--- ACTION ITEM ---
Apart from the images, repeat the data below exactly as written.

--- MATERIAL PROVIDED ---
—————
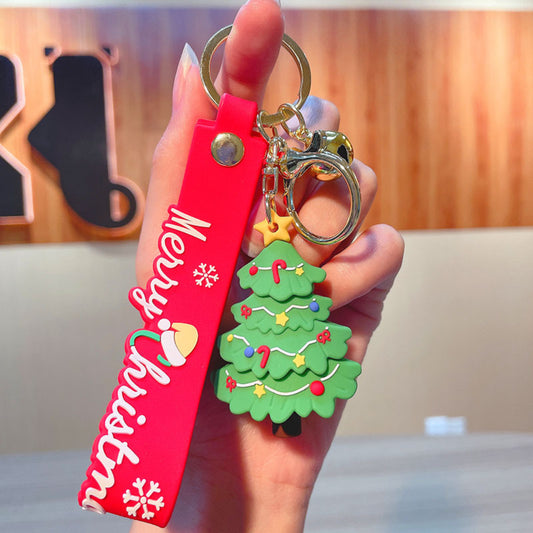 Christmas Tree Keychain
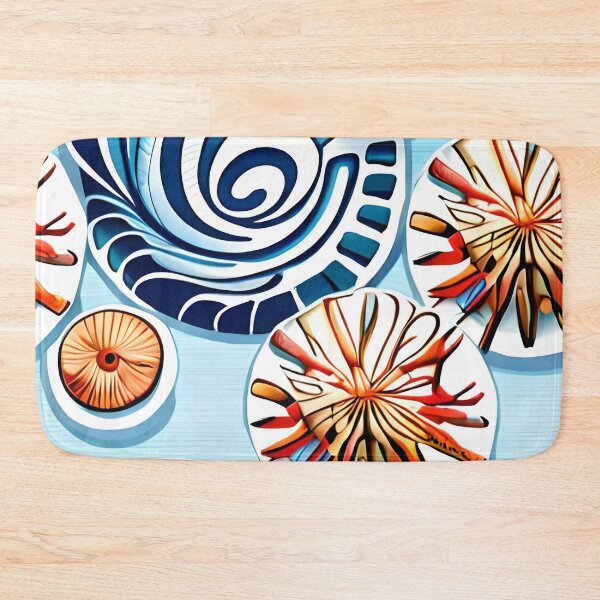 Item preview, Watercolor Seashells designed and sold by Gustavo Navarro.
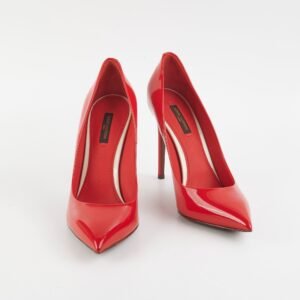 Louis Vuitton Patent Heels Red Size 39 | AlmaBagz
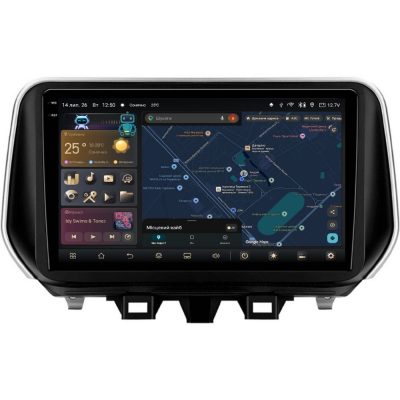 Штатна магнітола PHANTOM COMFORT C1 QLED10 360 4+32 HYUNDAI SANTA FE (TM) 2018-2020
—————
--- ANSWER TO THIS EXERCISE ---
 Christmas Tree Keychain
 Item preview, Watercolor Seashells designed and sold by Gustavo Navarro.
 Louis Vuitton Patent Heels Red Size 39 | AlmaBagz
 Штатна магнітола PHANTOM COMFORT C1 QLED10 360 4+32 HYUNDAI SANTA FE (TM) 2018-2020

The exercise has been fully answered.